Yeah, but you don’t need to postulate different definitions of sex then; they’re fudging the numbers, and nothing tells you whether they use this parameter to do it. I was proposing a model where people are completely honest and still give different answers.
I read in Cosmo (probably the least reliable source possible) that women often don’t count one-night-stands. No idea how to test.
Different definitions of sex sound like a plausible way of fudging the numbers (I don’t see any other ways of fudging the numbers that aren’t outright lying), and fudging the numbers seems like a good motivation to have different definitions of sex.
The lie detector in the OP makes outright lying seem a bit more plausible though, if it’s true.
Obviously that’s the main implication, and it’s very likely a significant cause of the difference. It’s not necessarily the only one—and if we’re trying to measure that difference, we’ll need to take into account the other causes of differences.
Can’t see why men would have a wider view of what counts than women, though; I’d expect the reverse.
In a How I Met Your Mother episode, Znefunyy pbhagrq jung Yvyl qvq jvgu ure rk-oblsevraq nf frk naq Yvyl qvqa’g. (Znefunyy punatrq uvf zvaq ol gur raq bs gur rcvfbqr.)
I am totally willing to believe that men and women count different things as sex, but they could both be using the same standard—“times a partner makes me orgasm”—and it could still result in a greater mean number of acts for men than for women even in a fixed heterosexual population (unfortunately)… granted I have no idea if people do this.
Wait… People count that as sex? I knew phrases like “cyber sex”, “phone sex”, etc., but I thought people thought of them as cases where [adjective][noun]s are not actually [noun]s, as with “dwarf planet”, “fake money”, “soy meat”, etc., and I’m surprised if there are people who would count that as sex when asked how many people they’ve had sex with (except possibly as self-sophistry in attempt to fool the lie detector).

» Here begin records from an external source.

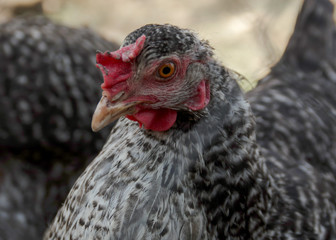 Portrait of a beautiful chicken of black and whitecolor in profile in a natural environment with a beautiful soft bokeh, close-up shot of a macro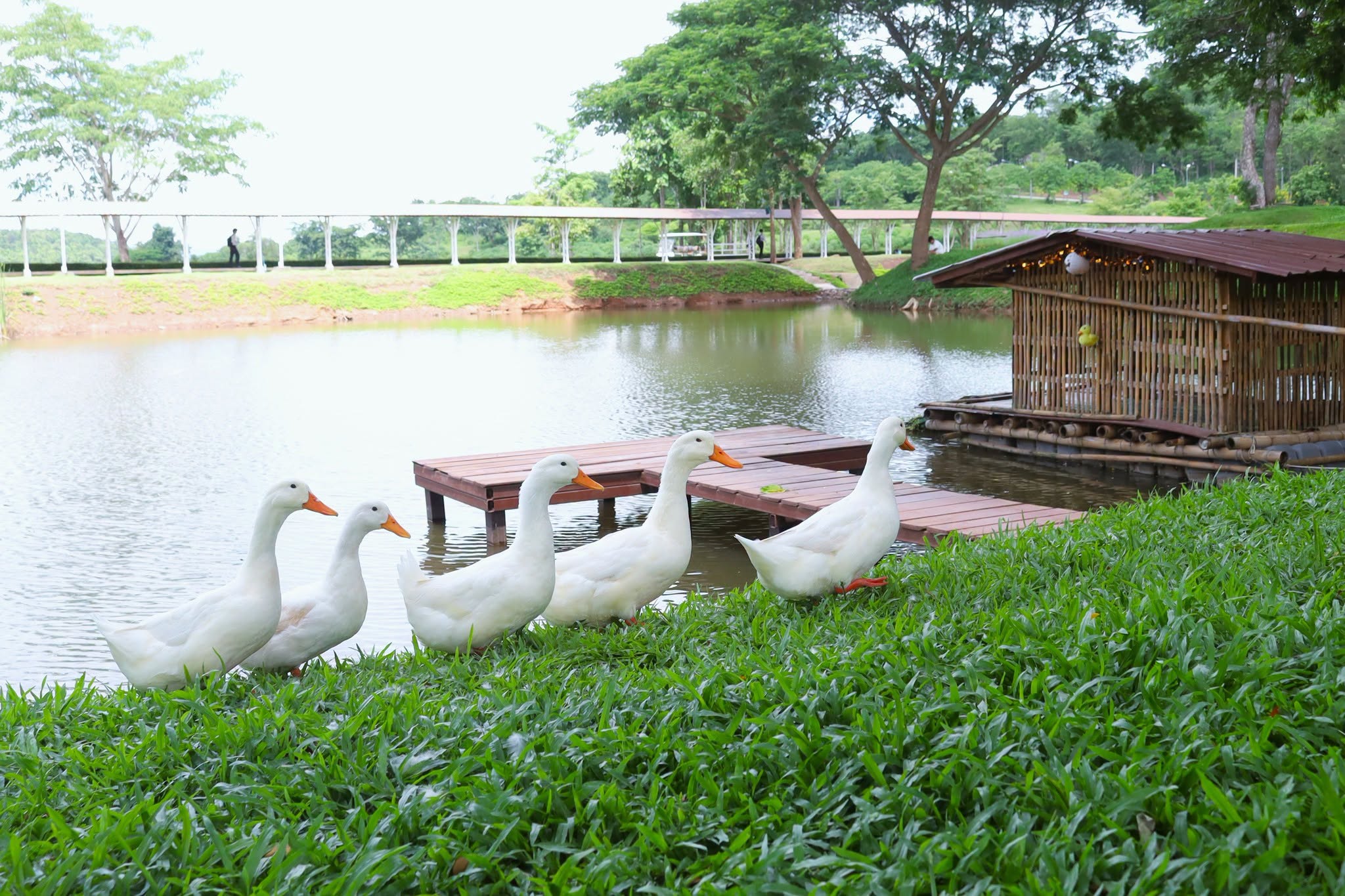 Phayao Campus scenery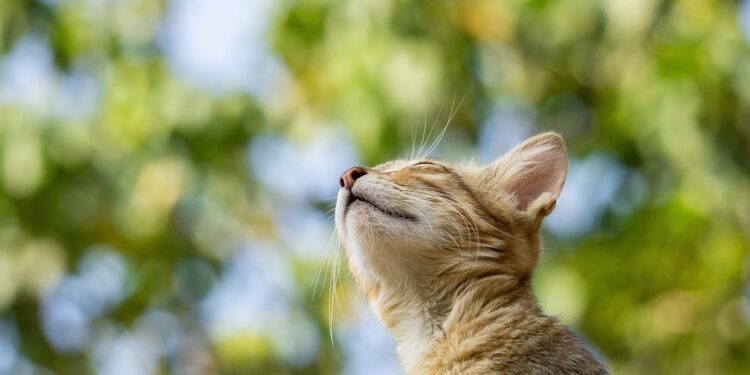 Independent Feline Friends: The Best Apartment Cats for Solo Living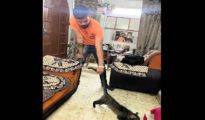 Video: Civet Cat enters house in Nagpur, rescued safely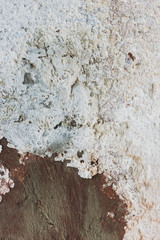 Grunge wall background texture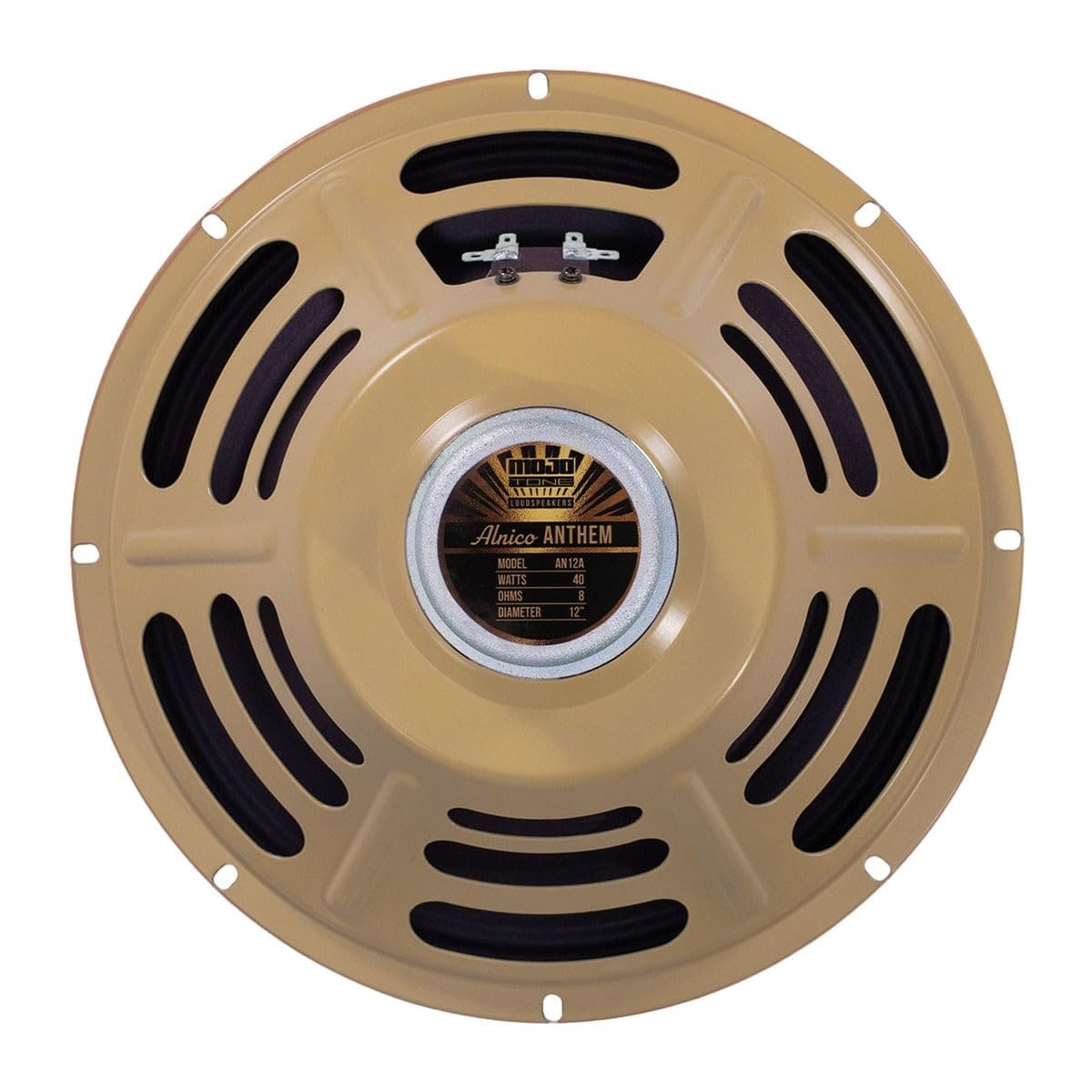 Amazon.com: Mojotone Alnico Anthem 12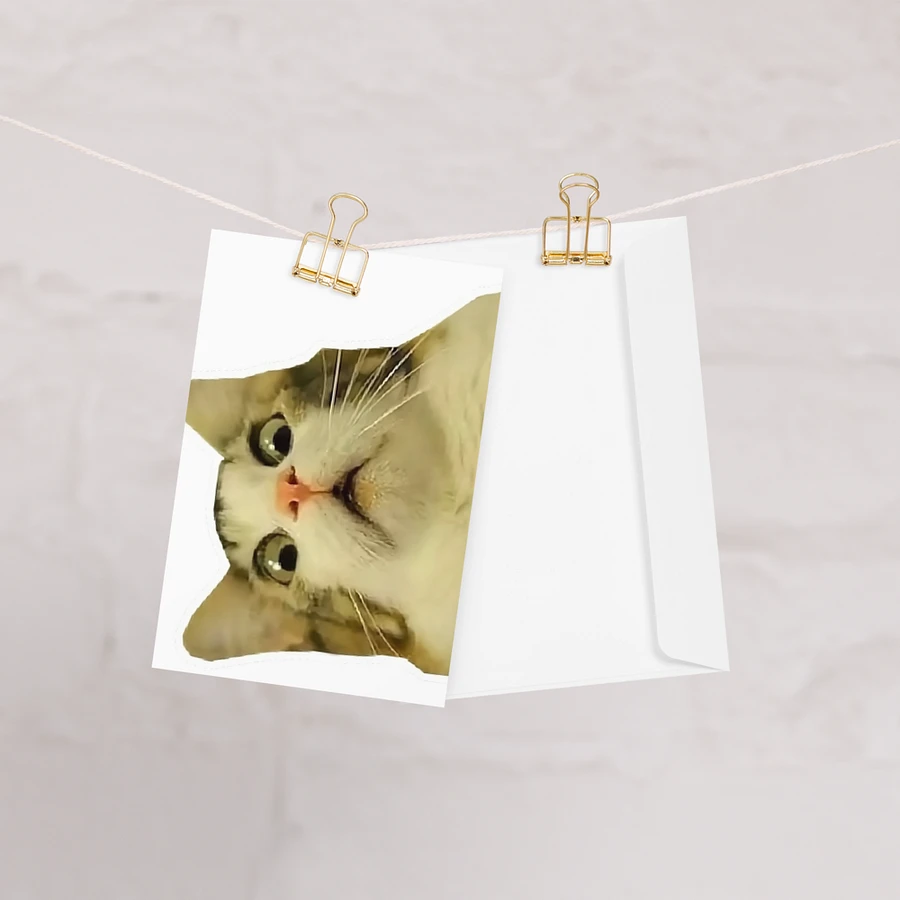 Greeting Card: Meme Cats product image (28)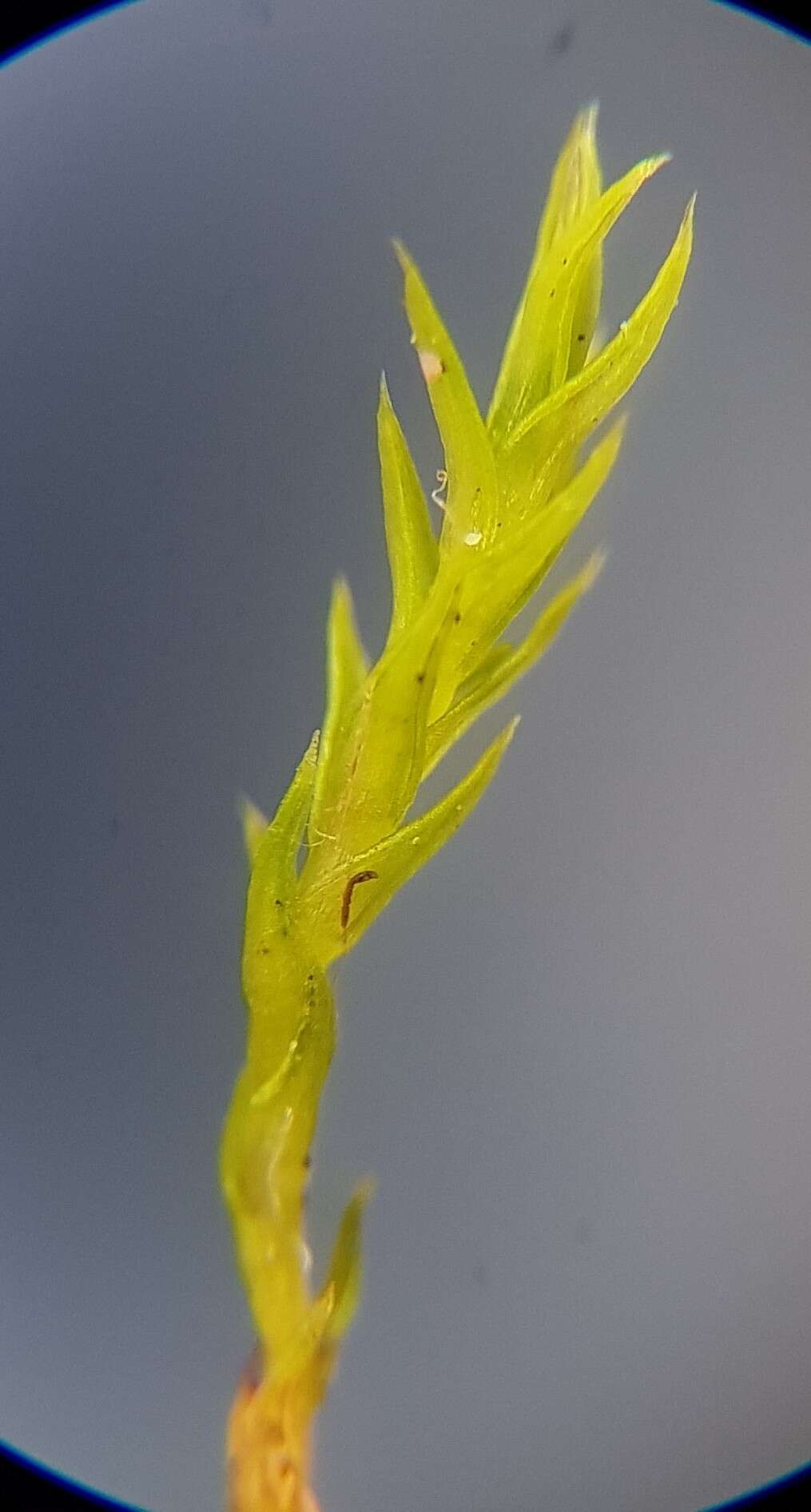 Image of Pseudocrossidium hornschuchianum Zander 1979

Lotsofpeoplecount “helping a partner come by using words” (typically by one or both partners masturbating at the same time) as sex; it actually seems to be the default position among sex bloggers. That sounds solid to me; if Alice is doing something to pleasure Bob, it doesn’t particularly matter how indirectly.
Fewer people (in the list above, Cliff Pervocracy and Greta Christina) count as sex the dirty talk alone, without the possibility of orgasm. I can’t think of a situation where that would feel like sex to me, but it appears to work for them.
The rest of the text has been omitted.